Check if the Elastic Search instance is running by using the elastic search python library

In [3]:
# connect to elastic instance
es_client = es_connect(credentials=config['ELASTIC'])
es_client.info()

Connecting to Elastic Search...
Successfully connected to https://localhost:9200


ObjectApiResponse({'name': 'f6240d32ea65', 'cluster_name': 'docker-cluster', 'cluster_uuid': 'YIiFu2p-QOWJhSPb-Zcavw', 'version': {'number': '8.5.2', 'build_flavor': 'default', 'build_type': 'docker', 'build_hash': 'a846182fa16b4ebfcc89aa3c11a11fd5adf3de04', 'build_date': '2022-11-17T18:56:17.538630285Z', 'build_snapshot': False, 'lucene_version': '9.4.1', 'minimum_wire_compatibility_version': '7.17.0', 'minimum_index_compatibility_version': '7.0.0'}, 'tagline': 'You Know, for Search'})

---
## Create Index

In [6]:
es_client.indices.create(index="test")

ObjectApiResponse({'acknowledged': True, 'shards_acknowledged': True, 'index': 'test'})

## Delete Index

In [7]:
es_client.indices.delete(index="test")

ObjectApiResponse({'acknowledged': True})

---
## Using Analyzer and Settings

In [4]:
es_config = json.load(open('config/es-config.conf'))

In [None]:
es_client.indices.create(index="test", settings=es_config["settings"], mappings=es_config["mappings"])

In [5]:
txt = " RT @PeterPan 500 Millionen und 17,30€ 'bin' <b>Merkel's</b> als #Leben#SPD_VM #liebte#um 19:30 Uhr Millionen  möchte liebten liebte lieb"

In [6]:
res = es_client.indices.analyze(index="tweets_35", analyzer="tweet_analyzer", text=txt)

for i, doc in enumerate(res["tokens"]):
    print(f"{doc['token']}")

_retweet_
_user_peterpan
500
million
17
30€
merkel
_hashtag_leben
_hashtag_spd_vm
_hashtag_liebte
_hashtag_um
19:30
uhr
mocht
liebt
lieb


Now we want to feed data from the Twitter PostgreSQL database into Elastic Search.

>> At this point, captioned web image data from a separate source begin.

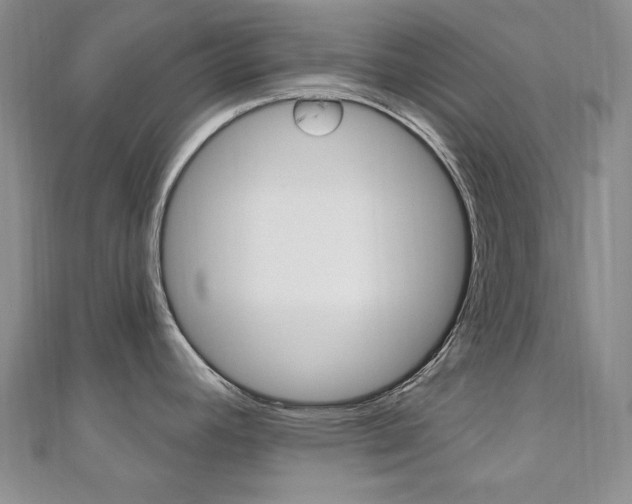 X0000110681392200906121026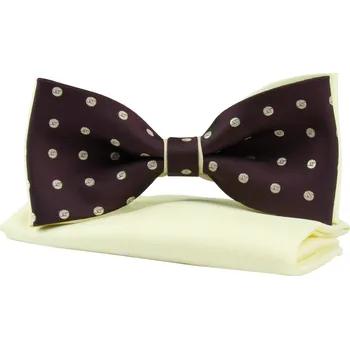 Motýlek Bordó pánský motýlek s béžovým lemem a puntíky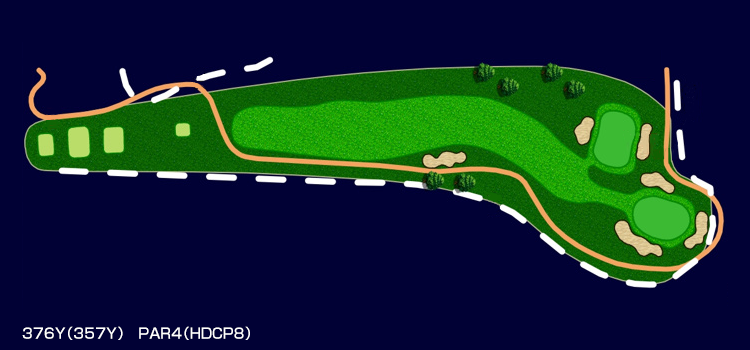 376Y(357Y) PAR4(HDCP8)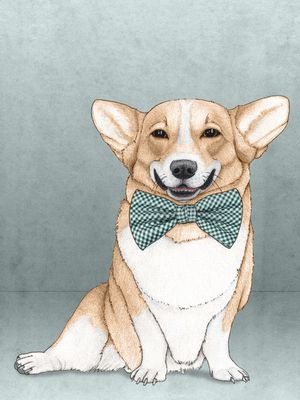 CORGI DOG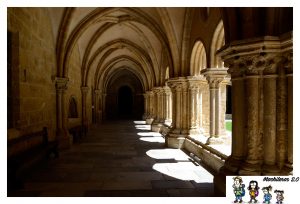 Lee más sobre el artículo Qué ver y visitar en Coimbra en un día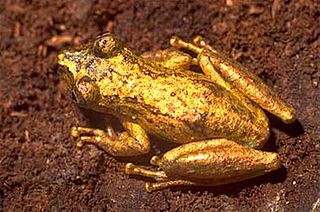 <i>Ololygon rizibilis</i> Species of frog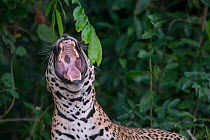 Jaguar (Panthera onca) male yawning, Pantanal, Brazil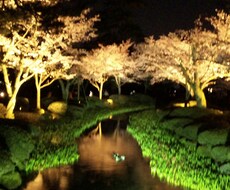 ★★旅行・おでかけランキング入り★★金沢へ旅行をお考えの方、旅行プランを計画させて頂きます♪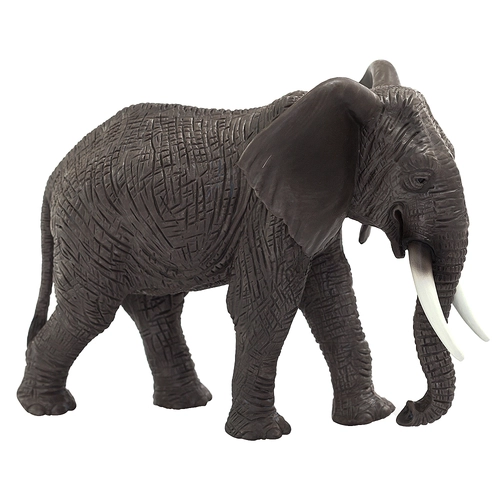 Африкански слон | P1440218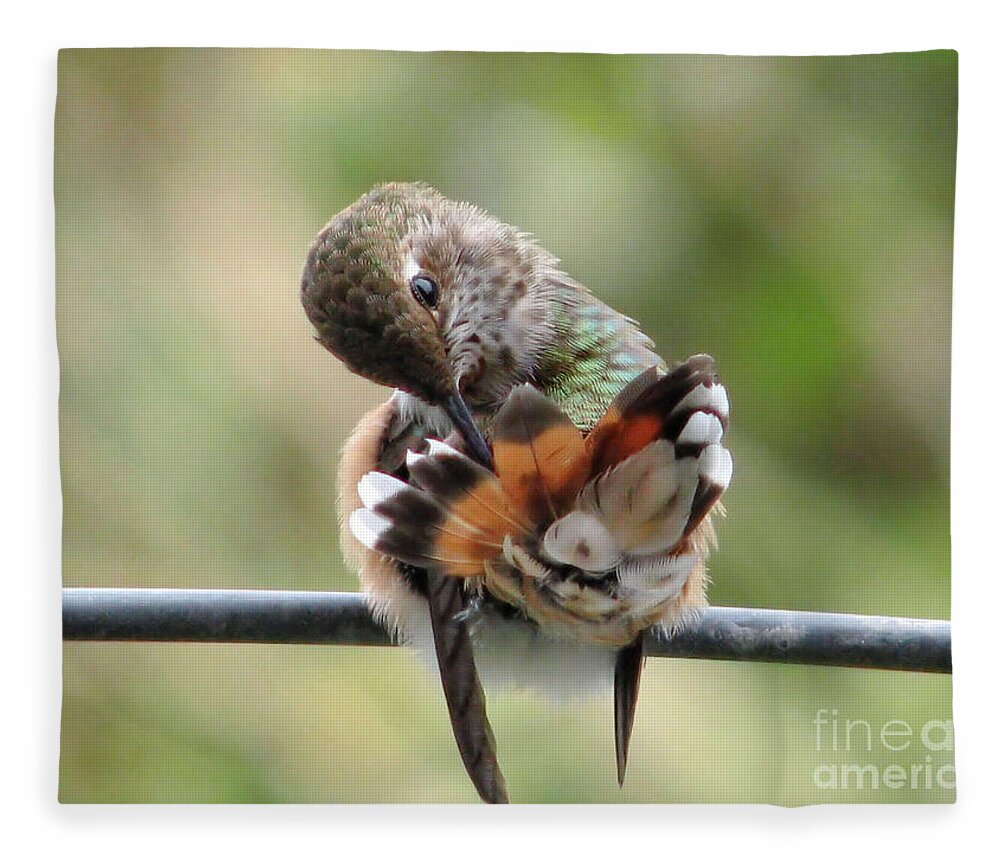 Hummingbirds Fleece Blanket featuring the photograph Good Grooming by Rory Siegel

Therefore use the script provided within the `src` folder.

---
## Search data

In [58]:
es_query = json.load(open('config/es-query.conf'))
es_query

{'query': {'bool': {'should': {'query_string': {'query': 'philipp CDU',
     'fields': ['txt', 'hashtags^5']}},
   'must': [{'term': {'hashtags': 'amthor'}}],
   'must_not': {'term': {'txt': '_retweet_'}},
   'filter': [{'range': {'created_at': {'lte': '2023-01-01'}}},
    {'range': {'created_at': {'gte': '2021-01-01'}}}]}},
 'collapse': {},
 'sort': {}}

In [61]:
res = es_client.search(index="tweets_35", size=5, query=es_query["query"])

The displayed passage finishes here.